• **Prompt**
Set down each line of the data exactly, but not the pictures.

• **Stored data**
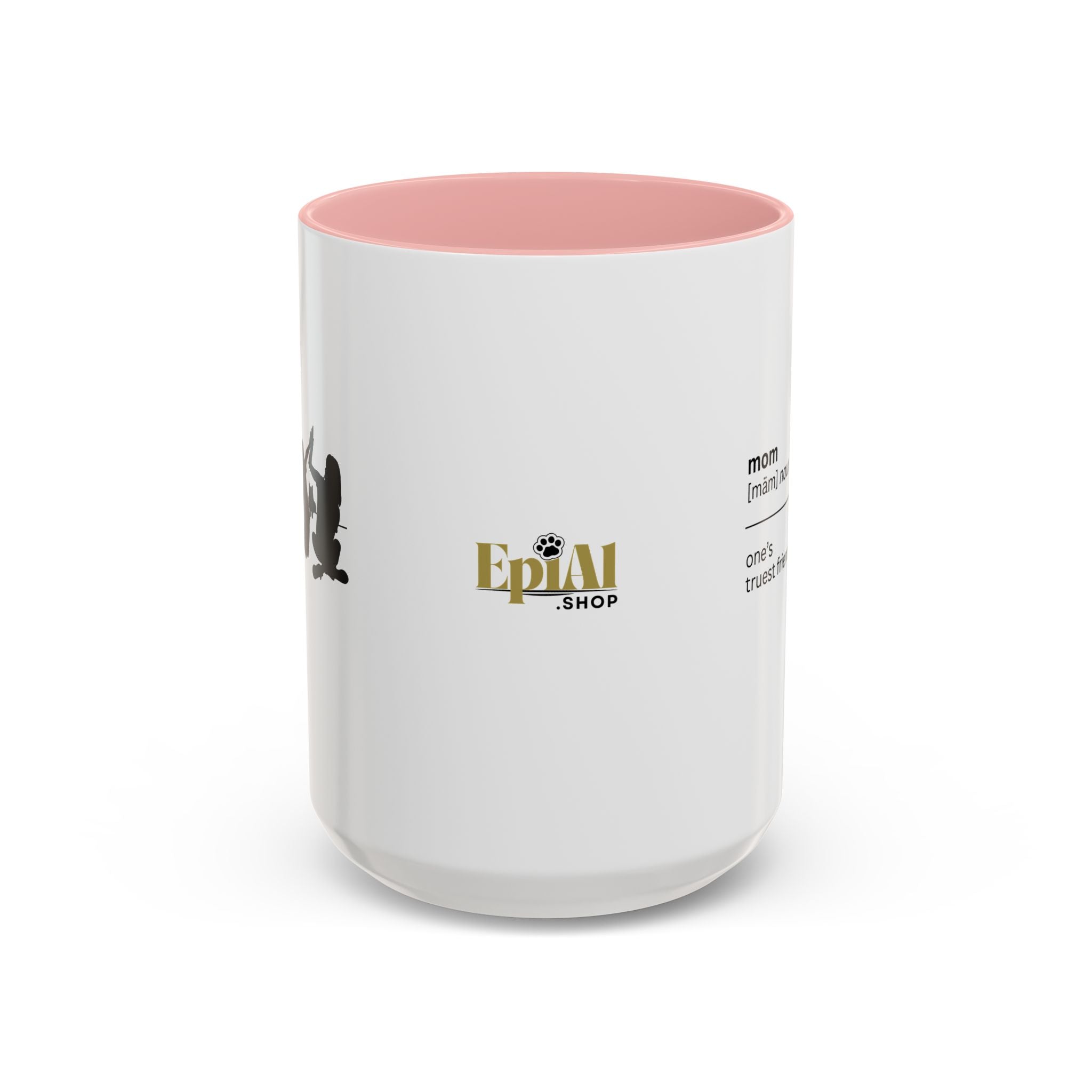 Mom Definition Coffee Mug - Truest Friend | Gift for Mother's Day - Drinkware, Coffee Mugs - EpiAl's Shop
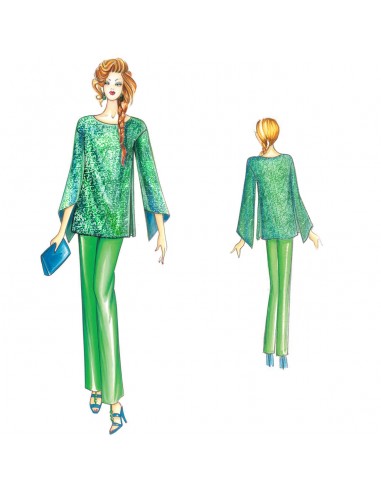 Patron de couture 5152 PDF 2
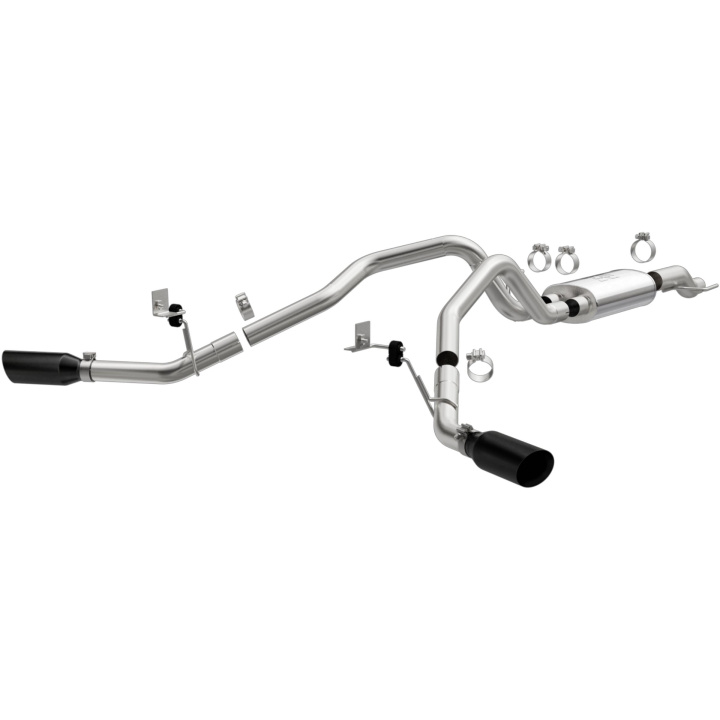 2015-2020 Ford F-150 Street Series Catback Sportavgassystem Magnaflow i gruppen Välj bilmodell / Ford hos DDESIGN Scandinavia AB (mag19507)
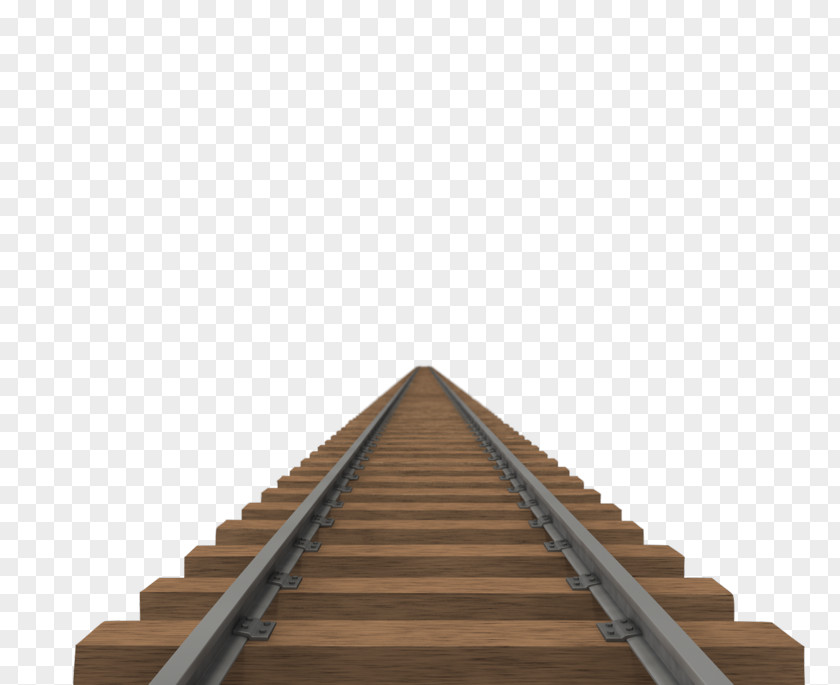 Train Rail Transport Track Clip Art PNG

• **Answer to this exercise**
 Mom Definition Coffee Mug - Truest Friend | Gift for Mother's Day - Drinkware, Coffee Mugs - EpiAl's Shop
 Patron de couture 5152 PDF 2
 2015-2020 Ford F-150 Street Series Catback Sportavgassystem Magnaflow i gruppen Välj bilmodell / Ford hos DDESIGN Scandinavia AB (mag19507)
 Train Rail Transport Track Clip Art PNG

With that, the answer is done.